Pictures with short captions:
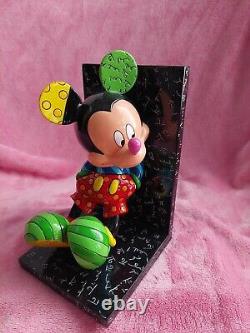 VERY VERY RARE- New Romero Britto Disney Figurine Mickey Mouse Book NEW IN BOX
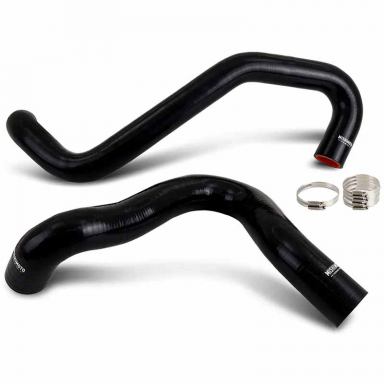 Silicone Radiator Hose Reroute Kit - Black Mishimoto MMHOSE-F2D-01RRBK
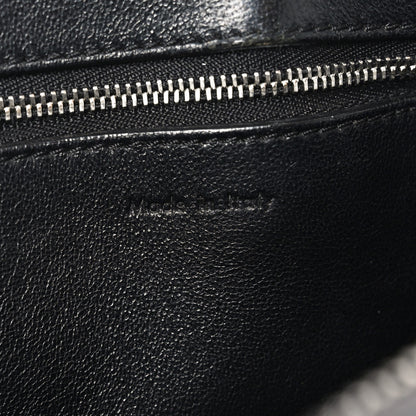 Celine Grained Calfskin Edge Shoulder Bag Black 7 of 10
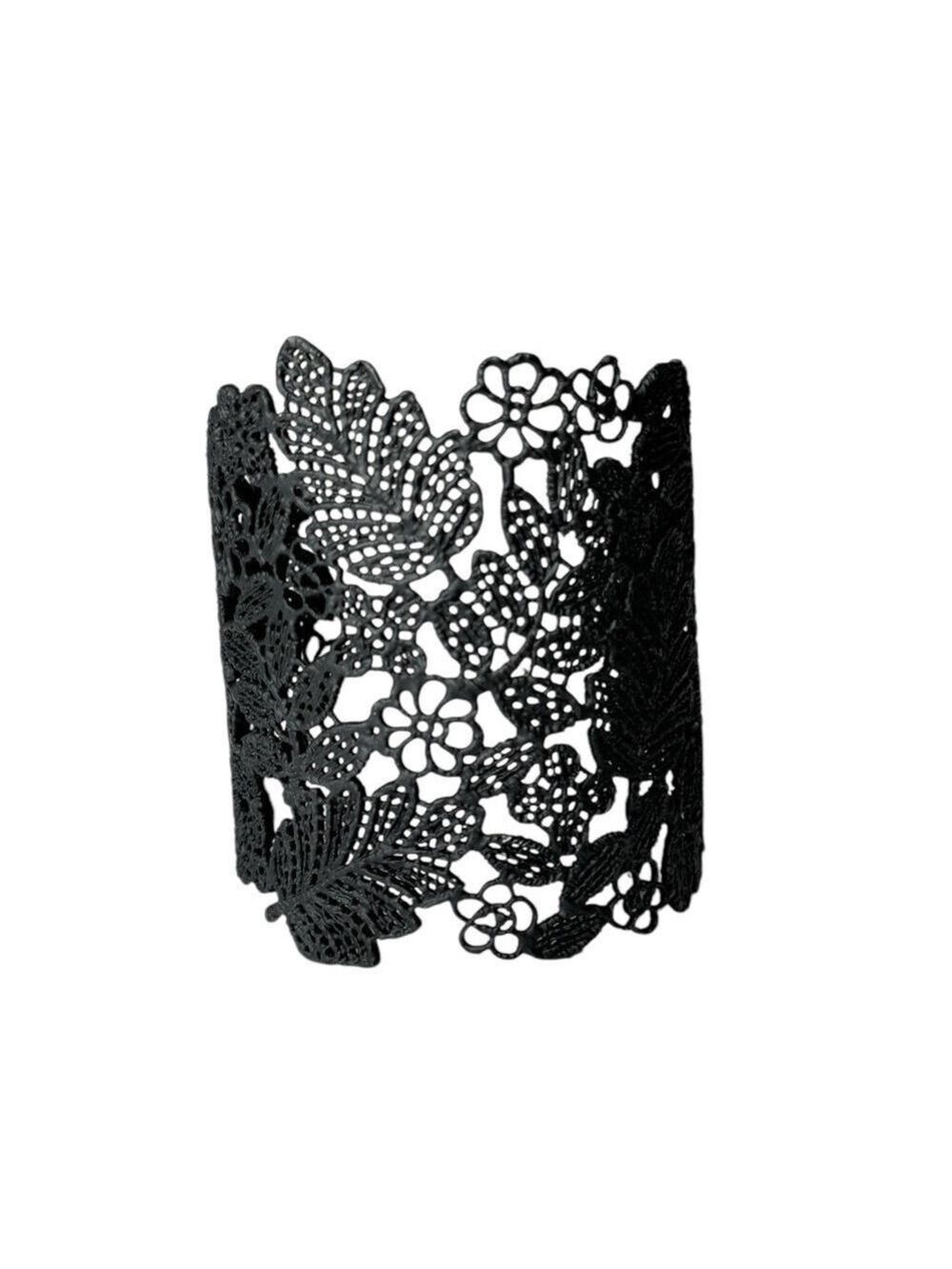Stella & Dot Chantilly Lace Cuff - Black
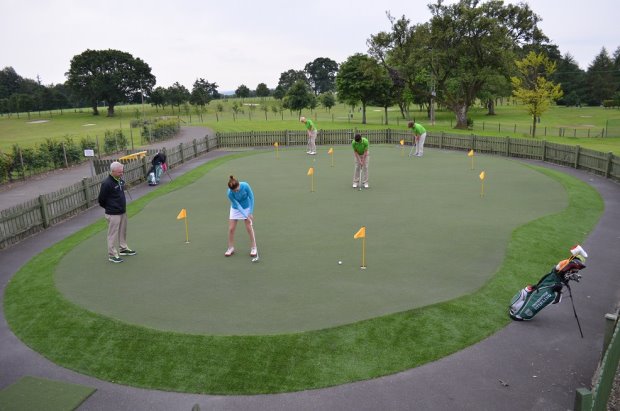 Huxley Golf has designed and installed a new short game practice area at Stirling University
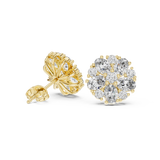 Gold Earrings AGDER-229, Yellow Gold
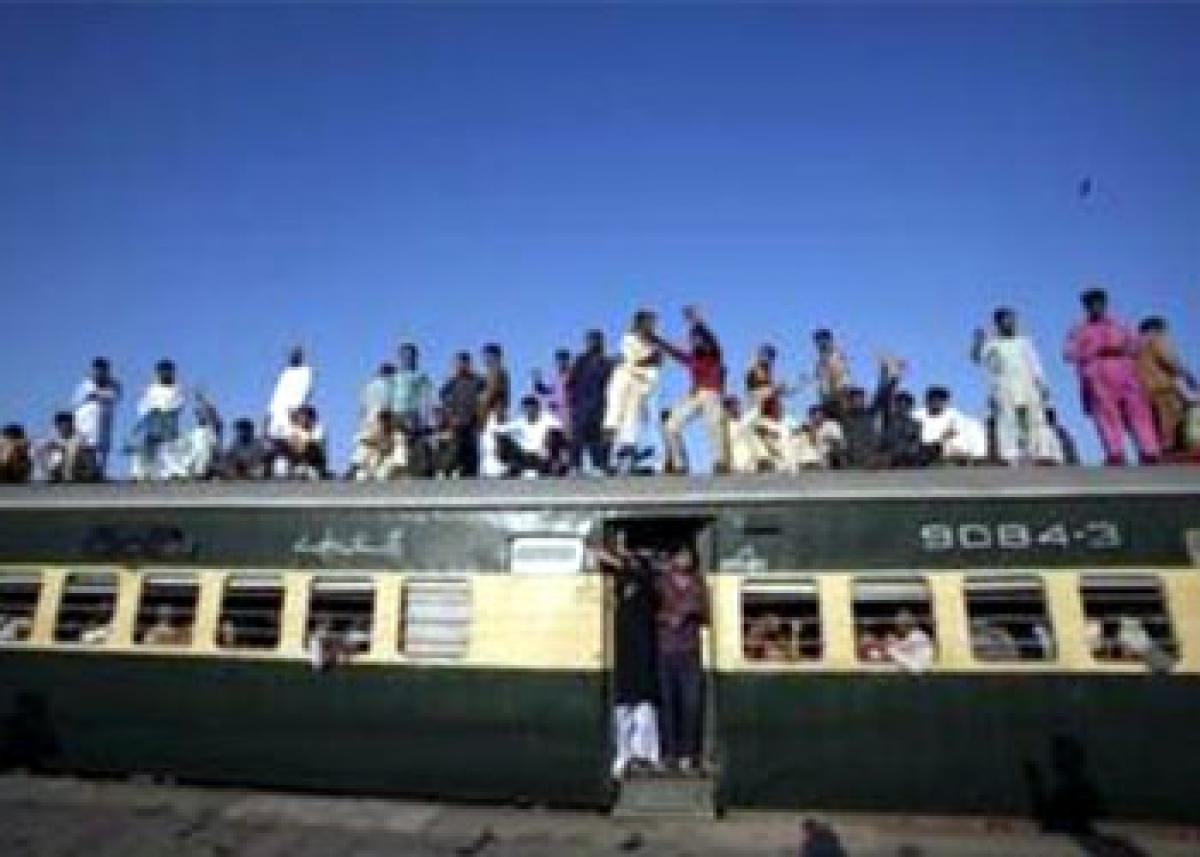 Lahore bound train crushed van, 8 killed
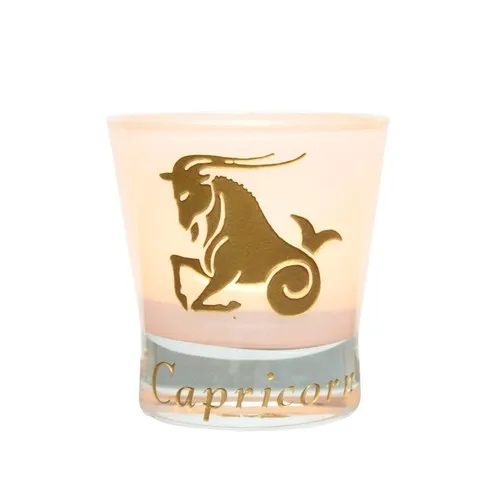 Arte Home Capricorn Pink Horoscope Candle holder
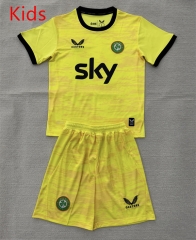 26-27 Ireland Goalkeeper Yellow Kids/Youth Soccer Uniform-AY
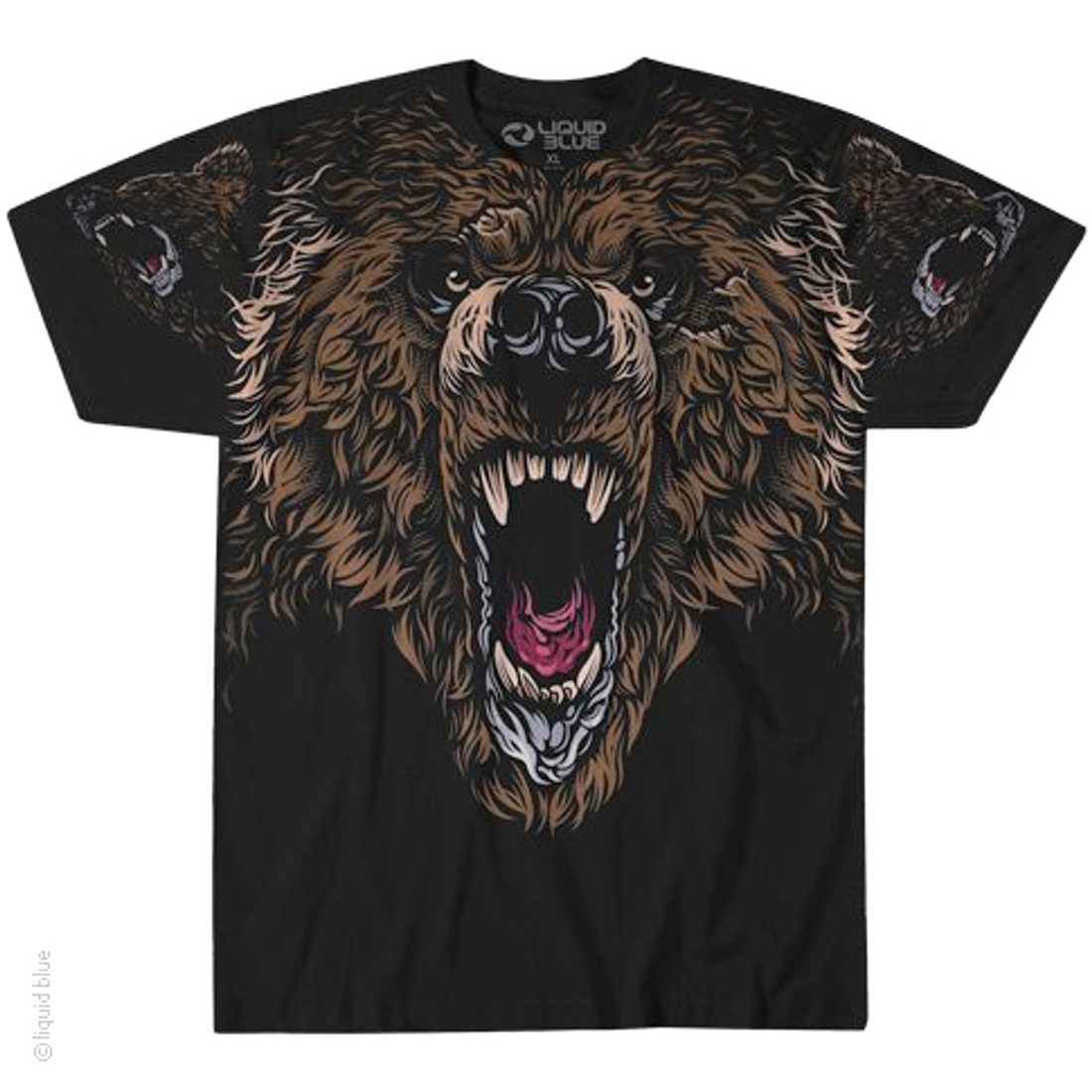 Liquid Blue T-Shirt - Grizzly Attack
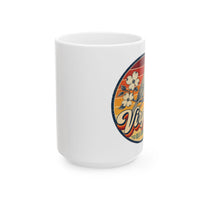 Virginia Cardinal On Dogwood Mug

What is expected: Restate the lines of the records exactly, starting at the first and stopping after the line with "Stella & Dot Chantilly Lace Cuff - Black". Leave out any picture.

Written reply:
 VERY VERY RARE- New Romero Britto Disney Figurine Mickey Mouse Book NEW IN BOX
 Silicone Radiator Hose Reroute Kit - Black Mishimoto MMHOSE-F2D-01RRBK
 Celine Grained Calfskin Edge Shoulder Bag Black 7 of 10
Stella & Dot Chantilly Lace Cuff - Black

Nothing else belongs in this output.